China's Commerce Ministry hit Texas Instruments and ON Semiconductor with antidumping probes on September 14th. Not exactly shocking timing - Treasury Secretary Bessent lands in Madrid next week for "productive trade discussions" with Chinese officials.
This is classic retaliation. US added 23 Chinese companies to the Entity List on September 13th for allegedly helping SMIC (China's biggest foundry) get around export controls. China waited exactly 24 hours to fire back. Subtle as a brick through a window.
Here's the smart part: instead of going after advanced AI chips (where China looks weak), they're targeting commodity semiconductors. Gate driver ICs, power management chips, interface controllers - the boring stuff that runs washing machines, car electronics, and factory equipment. Not exactly national security threats, but they matter for China's manufacturing base.
The numbers hurt: TI makes around $1.8-2 billion from China annually (roughly 22% of revenue), ON Semi pulls about $1.2 billion (18% of total).

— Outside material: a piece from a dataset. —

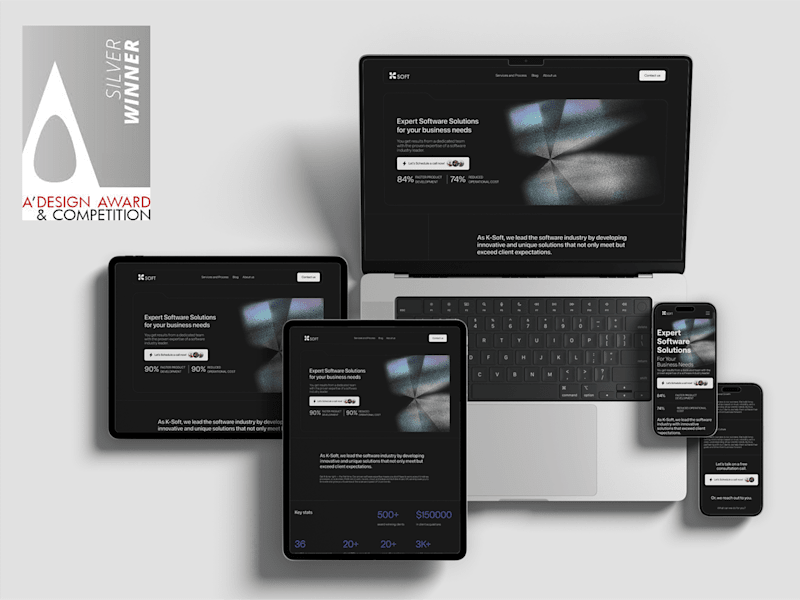 Cover image for K-Soft Corporate Software Landing Page & Brand Identity
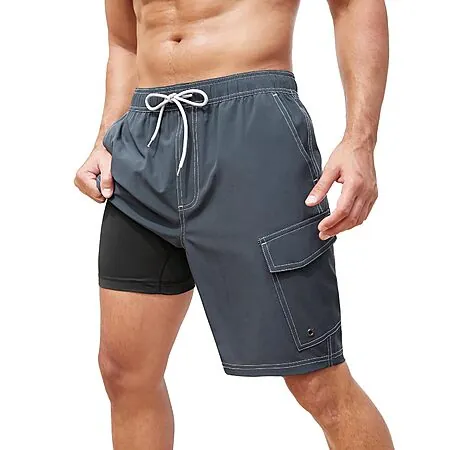 SILKWORLD Men's 9" Cargo Swim Trunks w/ Compression Liner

Both stocks dropped 3-4% after the announcement because investors know this shit gets expensive fast.
I've seen this movie before. US restricts Chinese tech access for "national security." China launches "antidumping investigations" against American companies. Both sides schedule emergency talks to avoid full trade war. Rinse, repeat.

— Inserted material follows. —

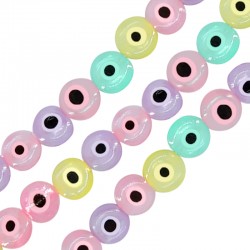 Perle en Verre de Style Murano Ronde avec œil Maléfique 8 mm Ø~0.7 mm (~48 Pièces)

Previous rounds ended with 90-day cooling-off periods and vague promises to "continue dialogue." Madrid will probably produce another temporary truce while the fundamental issues stay fucked.
What's different this time: China's going after commodity chips instead of cutting-edge processors. Gate driver ICs aren't military technology - they control motors in electric cars and industrial equipment. This suggests negotiation theater rather than actual security concerns.
If you're sourcing TI or ON Semi parts from China, expect price volatility and supply chain headaches until this gets resolved. Which could take months.